The Templars are inseparable from their myth. Such is the strength of this myth that it sometimes appears that each writer who deals with them is seemingly writing about a different Order, from the academics who maintain that the Templars were, in reality, very ordinary men, to the more speculative camp who portray the Order as a secret society of mystical initiates. Ever since the time of Cornelius Agrippa, who wrote in his De occulta philosophia (1531) that the Templars committed ‘detestable heresy’,50 the reality of who the Templars actually were and what they actually did has been ever more obscured by later generations of commentators. The eighteenth-century Masonic movement, with its neo-Templar affectations (including the so-called Strict Templar Observance form of Freemasonry) has done much to muddy the waters. There were claims that the Order was still in existence in the early nineteenth century, and a highly suspicious list of post-1314 Grand Masters was produced by the Freemasons (see Appendix II).
As Michael Baigent and Richard Leigh point out,51 the two camps tend to remain firmly apart, as, on the one hand, academic historians will only consider whether something ‘actually happened’, and which can be backed up by documentation and other forms of evidence, while the more speculative apologists for the Order thrive on the mythical side of the Templars. What Baigent and Leigh point out is that something does not have to ‘actually happen’ in order for it to become subsumed into the collective consciousness and affect later generations. For a myth that can affect history, one need look no further than the myth of Aryan supremacy, which the Nazis held to be gospel, with such catastrophic results. What continues to fascinate about the Templars is this apparent dichotomy between the reality and the myth, and it can only be possible to understand the Order as a whole if the mythical aspect is also considered alongside the facts.

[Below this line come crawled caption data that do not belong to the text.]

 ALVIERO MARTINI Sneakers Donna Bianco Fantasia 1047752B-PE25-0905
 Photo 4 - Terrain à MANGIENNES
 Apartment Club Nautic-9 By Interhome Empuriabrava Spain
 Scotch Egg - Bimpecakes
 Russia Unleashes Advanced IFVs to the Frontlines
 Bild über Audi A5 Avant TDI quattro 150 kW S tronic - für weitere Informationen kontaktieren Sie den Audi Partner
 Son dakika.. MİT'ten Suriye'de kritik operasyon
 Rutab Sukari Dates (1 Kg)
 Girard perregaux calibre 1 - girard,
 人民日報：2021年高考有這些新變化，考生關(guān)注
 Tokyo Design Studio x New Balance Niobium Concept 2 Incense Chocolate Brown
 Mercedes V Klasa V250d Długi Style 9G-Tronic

Umberto Eco points out52 that the conspiracy theorists tend to project a great deal of their own failings into their theories, no matter how wild. What he does not examine, however, is that the hands that write the more standard, orthodox history, can also be driven by similar forces: the desire for peer acceptance; the desire to maintain one’s position within academe; and, perhaps more importantly, one’s funding, all of which would be severely compromised by entertaining the more mythical version of the Templar story. This latter approach ignores anything vaguely speculative about the Order, and, in doing so, perpetuates a blinkered and restricted view of history.
As the great Tibetan saint Padmasambhava once said, ‘Things are not what they seem; nor are they otherwise.’ That the Order, even in its own time, was fanatically secretive only compounds the difficulty of arriving at anything close to a definitive account. It would be plausible to argue, therefore, that the Templars were, in the main, very ordinary men, but that certain elements of the Order were indeed ‘tainted’. Whether we will ever know by what, is, of course, another matter, and whether recent discoveries such as the Chinon Parchment force us to re-evaluate our thinking about the Templars, one thing remains certain: the mystique and fascination of the Order of Poor Knights of Christ and the Temple of Solomon will continue to exert their hold, and the aura surrounding the Order will continue, maybe deepen even further, and perhaps never be fully fathomed. The mystery will remain.